Nessuno sa spiegarlo.
La strana attrazione tra border collie e pecora,
foglia e vento, due elettroni distanti.

Considera, anche, la questione di una gara equestre.
Ognuno grida più forte per il proprio cavallo,
sicuri che nella crescente confusione
oltre la frusta, oltre il fango,
il cavallo sentirà il proprio nome nel suo orecchio accelerato.

Il desiderio è differente:
il desiderio è il momento prima della partenza.

Un elettrone ha mai rifiutato
l’invito a cambiare direzione,
inviato in una busta sconosciuta, con un anello sconosciuto?

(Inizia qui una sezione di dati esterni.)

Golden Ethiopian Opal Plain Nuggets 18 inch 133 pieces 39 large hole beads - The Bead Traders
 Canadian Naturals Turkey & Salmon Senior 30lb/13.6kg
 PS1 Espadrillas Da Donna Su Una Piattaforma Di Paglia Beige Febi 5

Una storia raccontata spesso: dopo la lezione, la vedova
insiste che l’universo si poggia sulla schiena di una tartaruga.
E dove, il fisico
chiede, si poggia la tartaruga?

Molto furbo, giovanotto, risponde, molto furbo,
ma è tutto tartarughe fino in fondo.

E quindi una donna in Beijing compra per il suo amore,
che pratica geometria tartarugata a Boston, un gingillo
di metallo da una bancarella ad un mercato notturno.

Sulla schiena di una tartaruga, a riposo sul guscio,
una tartaruga.
Dentro il guscio verdognolo, un’altra, più piccola.